Clinical Report: Noninvasive Evaluation of Ki-67 Overexpression in Breast Cancer
Overview
This study demonstrates the effectiveness of integrating habitat analysis with ultrasound radiomics to predict Ki-67 expression in breast cancer non-invasively. The proposed Clinics_Habitat_Radiomics model significantly outperformed conventional methods, providing a promising tool for personalized oncology care.
Background
Breast cancer remains the most commonly diagnosed malignancy among women, and accurate assessment of the Ki-67 proliferation index is crucial for treatment planning. Traditional methods rely on invasive biopsies, which may not capture the tumor's heterogeneity. Non-invasive imaging techniques like ultrasound radiomics offer a potential solution to improve prognostic stratification.
Data Highlights
Model
AUC (Training)
AUC (Validation)
Sensitivity
Specificity
Clinics_Habitat_Radiomics
0.877
0.830
60.3%
91.7%
Key Findings
The Clinics_Habitat_Radiomics model achieved an AUC of 0.877 in the training cohort.
In the validation cohort, the model maintained an AUC of 0.830 with a sensitivity of 60.3% and specificity of 91.7%.
Calibration curves showed good agreement between predicted probabilities and observed outcomes.
Decision curve analysis indicated superior net clinical benefit compared to single-modality approaches.

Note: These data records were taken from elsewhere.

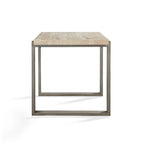 Table d'appoint avec plateau en pierre bronze et marron et piètement luge en métal – Simple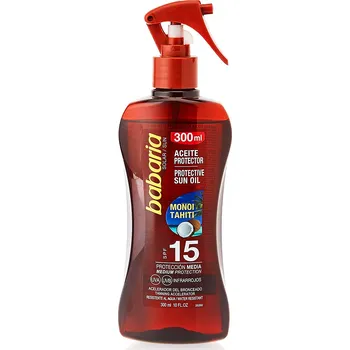 Přípravek na opalování Olej na opalování ve spreji Babaria Sun Protective SPF15 300 ml
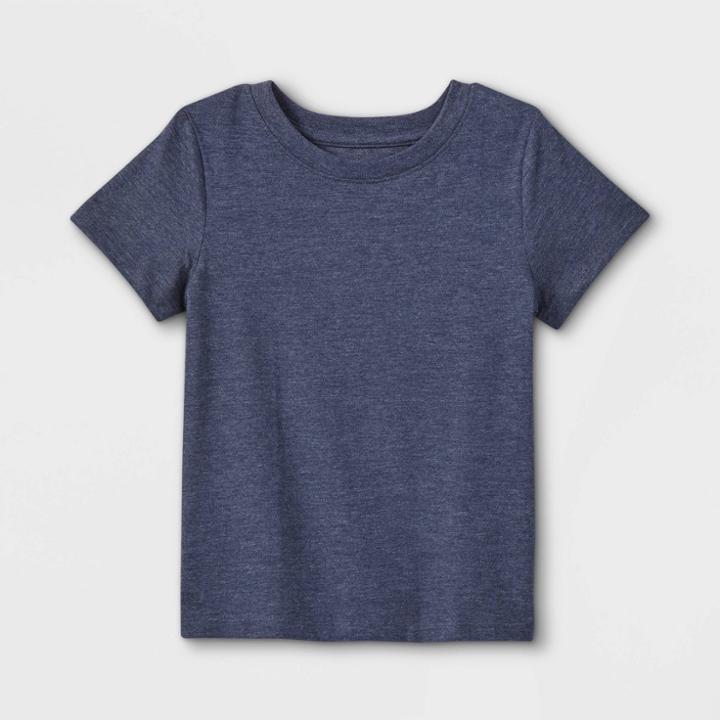 Toddler Boys' Solid Jersey Knit Short Sleeve T-shirt - Cat & Jack Navy Blue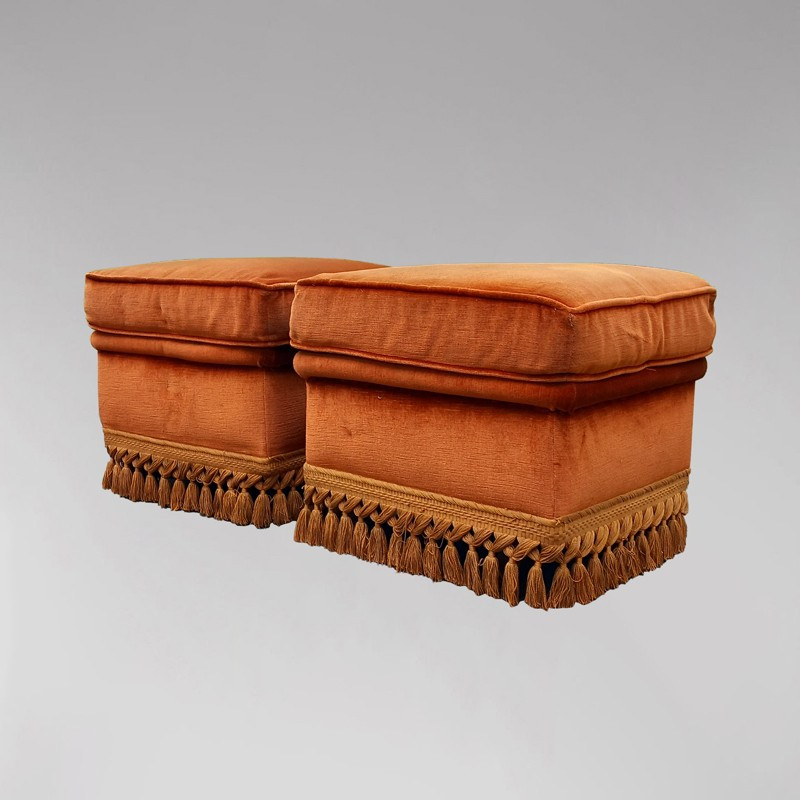 Pair Of Ochre Velvet Poufs Or Footrests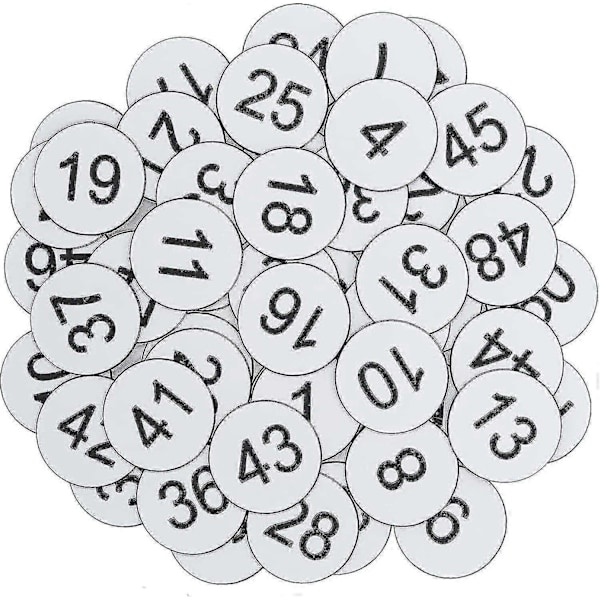 Muoviset numerolaput kaiverretut numeroidut laput tunnistelaput avaimenperälaput ilman reikää - WELLNGS White 1-100
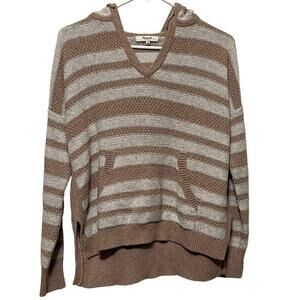 Madewell Brown and White Striped Knit Hoodie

The integration of habitat analysis enhances the precision of tumor biology assessment.
Clinical Implications
The Clinics_Habitat_Radiomics model provides a non-invasive method for predicting Ki-67 expression, which can aid in optimizing treatment strategies for breast cancer patients. This approach may reduce the need for invasive biopsies and improve patient stratification for targeted therapies.
Conclusion
The study highlights the potential of ultrasound-based habitat analysis in enhancing the assessment of Ki-67 expression in breast cancer, paving the way for improved personalized treatment approaches.